El soldado creyó conveniente rezar una oración. Juntó las manos y elevó los ojos al cielo. Entonces se dio cuenta de que todas las manzanas del manzano se habían secado. Ahora parecían uvas pasas o, mejor dicho, ciruelas pasas. Al mismo tiempo oyó un ruido que le sonó vagamente metálico.
–¿Qué pasa? –exclamó.
Del valle surgían largos penachos de humo negro que al llegar a cierta altura quedaban suspendidos. Una mano lo cogió de un hombro y lo remeció. Eran soldados de su compañía que habían descendido al túnel por el sector Berenice. El soldado se puso a llorar de felicidad, no mucho, pero sí lo suficiente como para desfogarse.
Esa noche, mientras comía, le contó el sueño que había tenido dentro de los túneles a su mejor amigo. Éste le dijo que era normal soñar estupideces cuando uno se encuentra en una situación así.
–No era una estupidez –le contestó–, vi a Dios en sueños, me rescataron, una vez más estoy entre los míos, y sin embargo no consigo estar tranquilo del todo.
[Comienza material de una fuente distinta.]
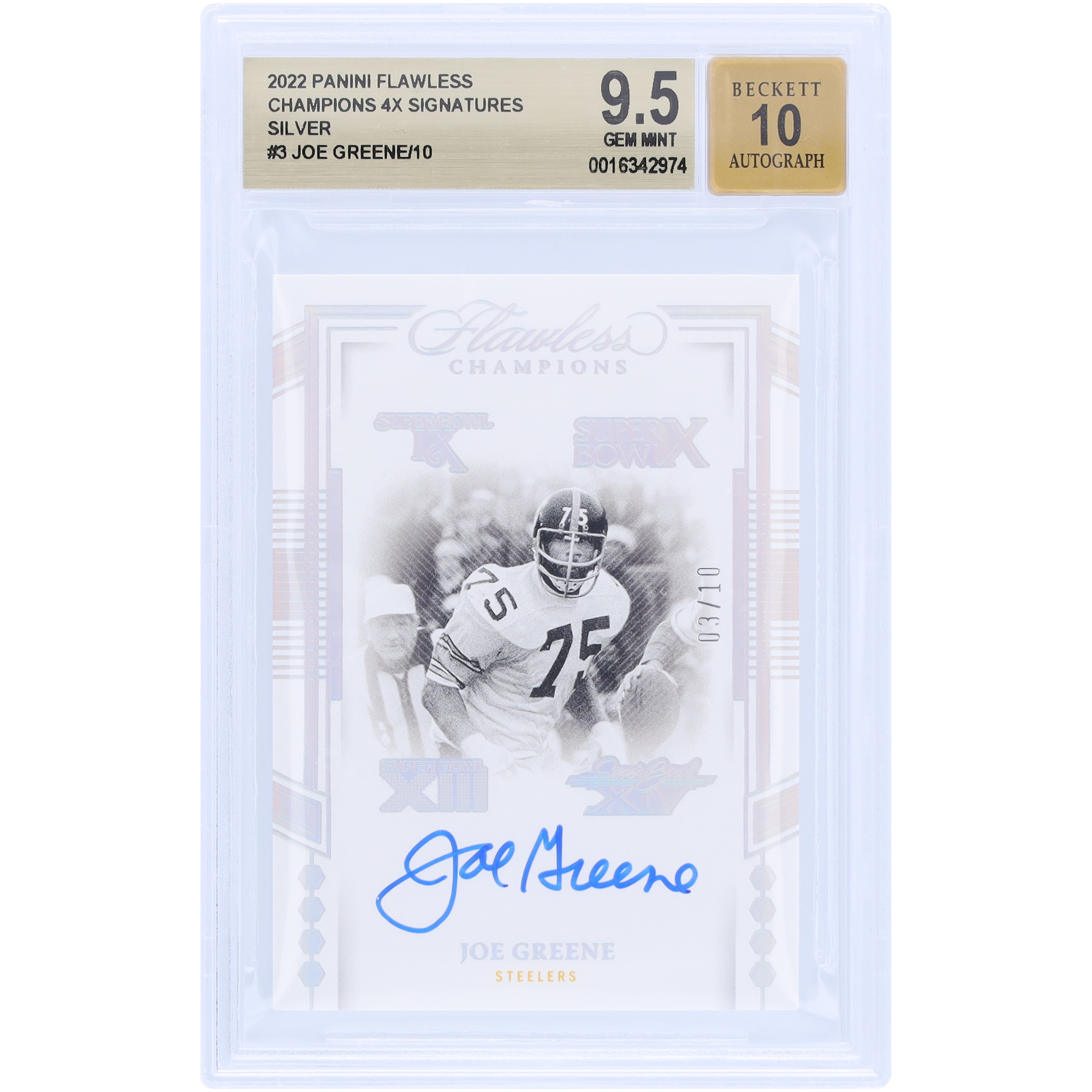 Joe Greene Pittsburgh Steelers signierte 2022 Panini Flawless 4x Champions #4X-JG #3/10 BGS authentifizierte 9,5/10 Karte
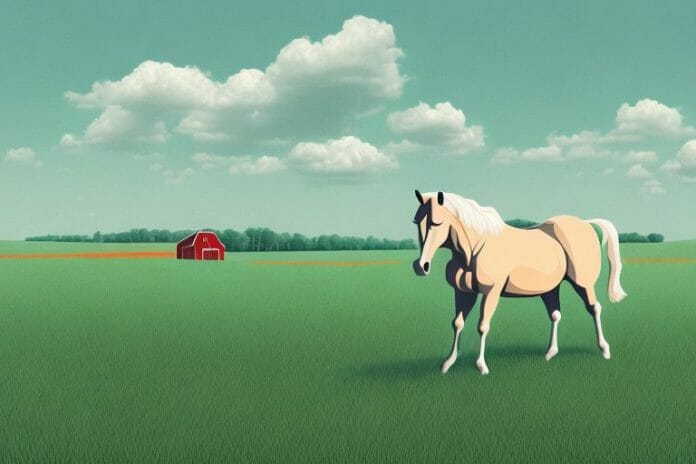 A horse in a rural setting
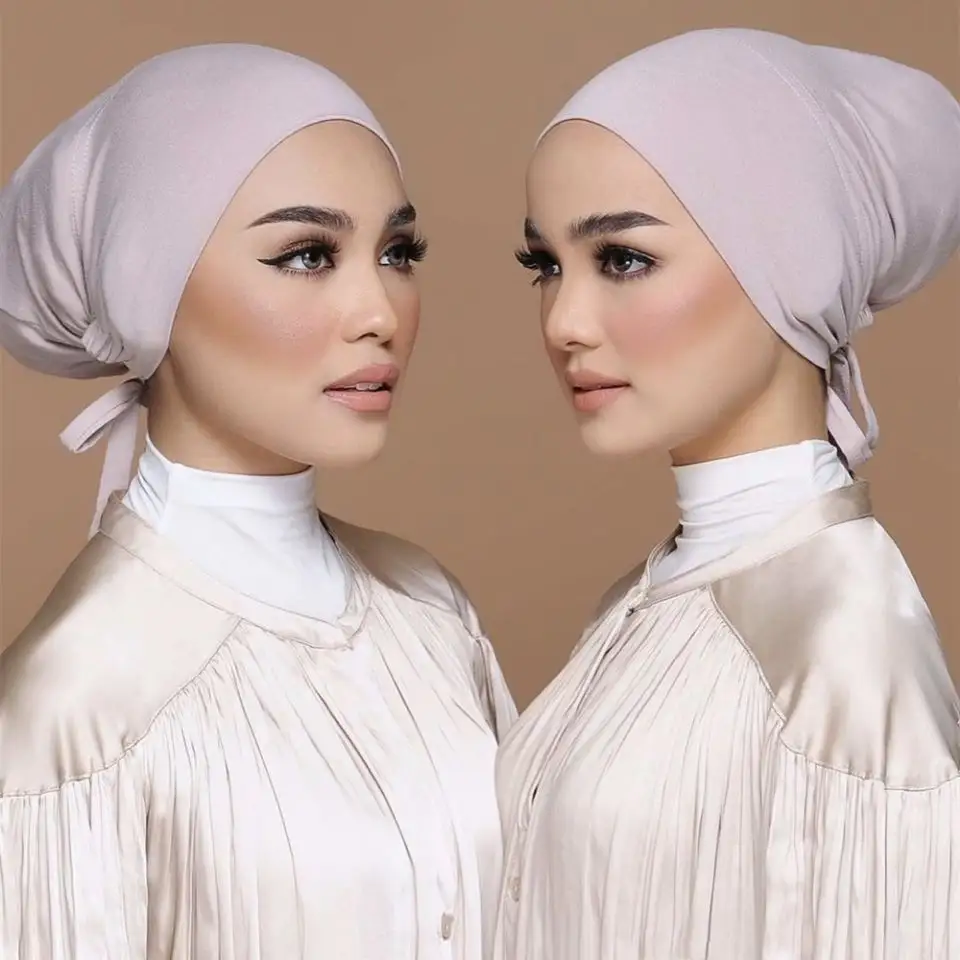 Khăn Trùm Đầu Có Dây Buộc Co Giãn Có Dây Màu Trơn Có Thể Điều Chỉnh Mũ Hijab
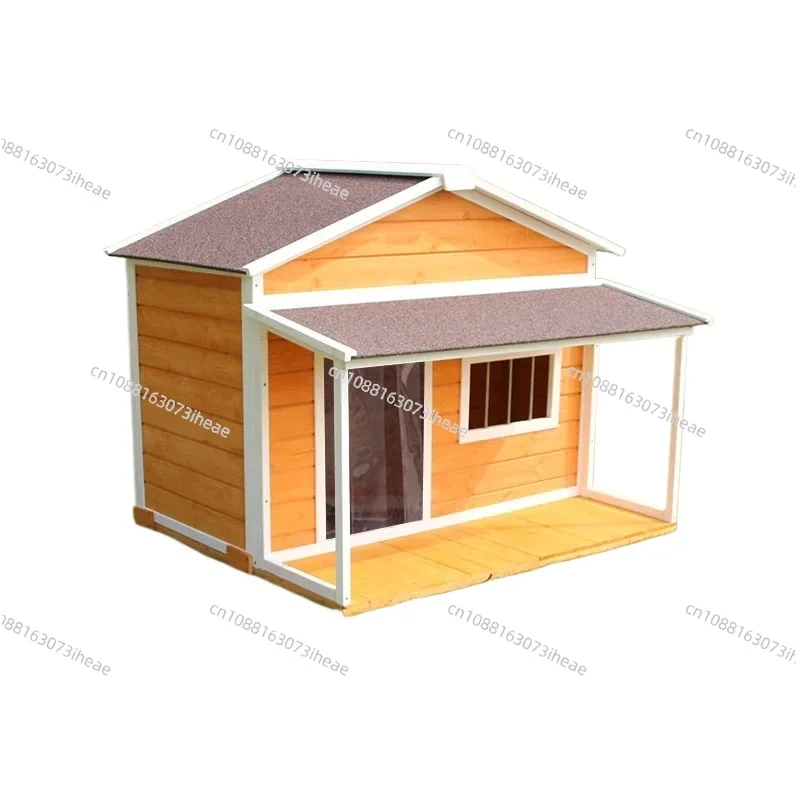 Solid wood dog house, outdoor rainproof pet dog house, summer ordinary dog house, large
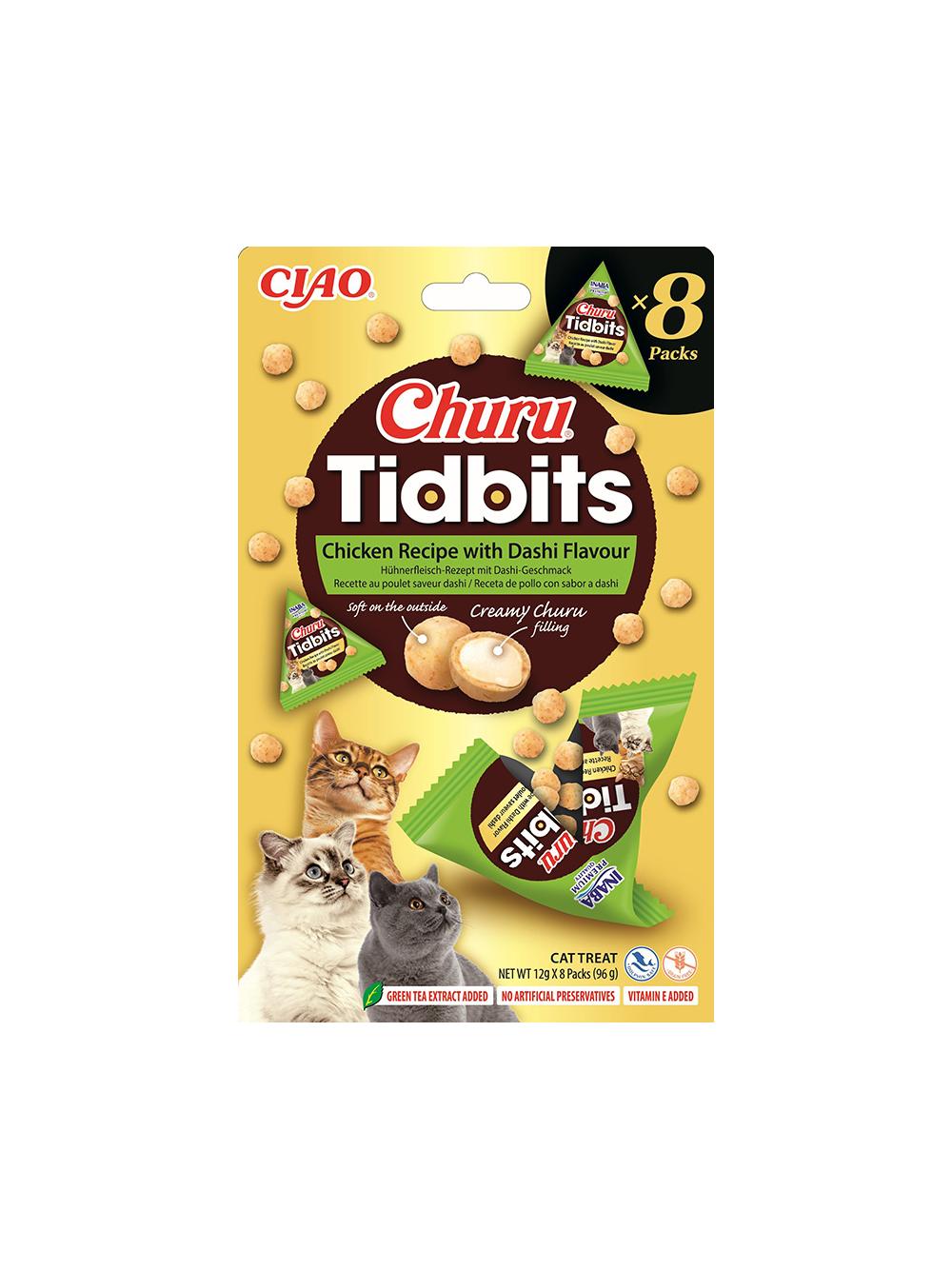 INABA Cat Churu Tidbits - kurczak z bulionem Dashi 8x12g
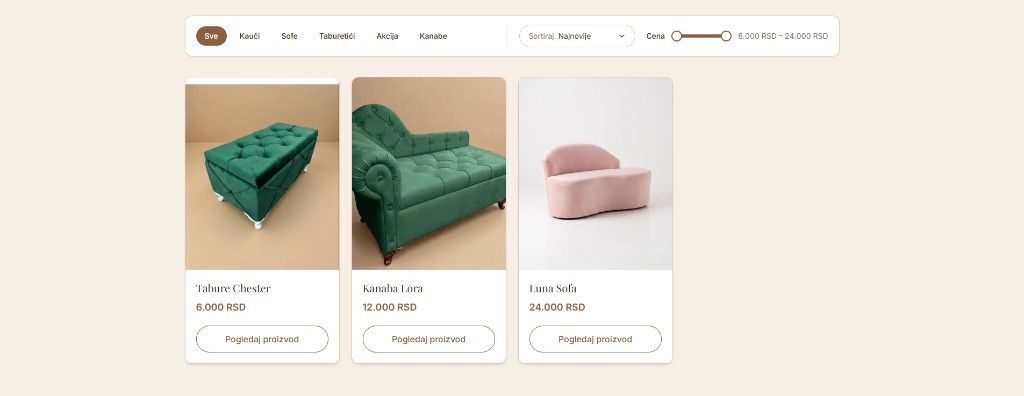 Custom Furniture E-commerce Website screenshot 2
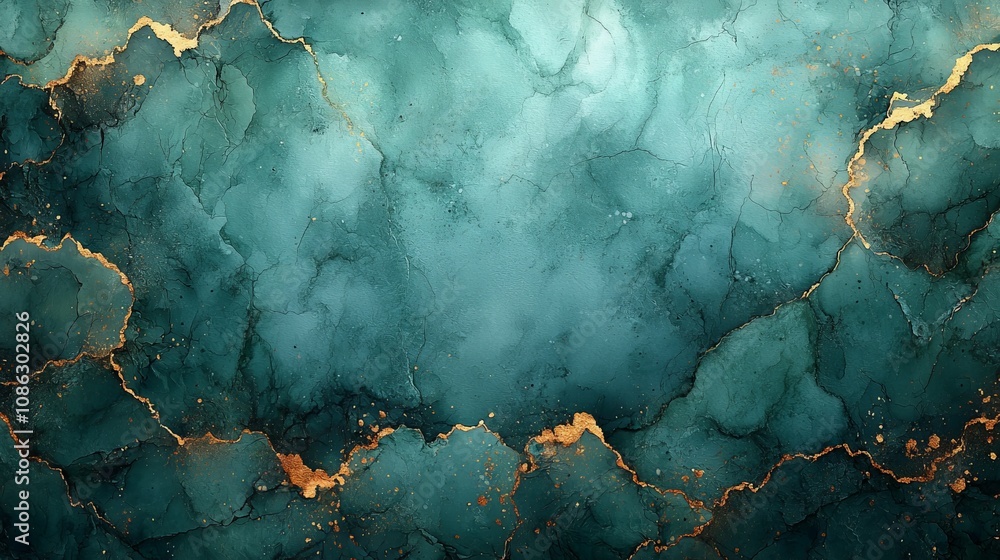 Abstract teal and gold textured background with a fluid art design. Abstract teal and gold textured background with a fluid art design.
Luego, con voz más calmada, rectificó:
–No consigo estar seguro del todo.
A lo que su amigo le respondió que en una guerra nadie podía sentirse seguro del todo. Y allí acabó la charla. El soldado se fue a dormir. Su amigo se fue a dormir. Se hizo el silencio en el pueblo. Los centinelas se pusieron a fumar. Cuatro días después, el soldado que le vendió su alma a Dios iba caminando por la calle y un coche alemán lo atropelló y lo mató.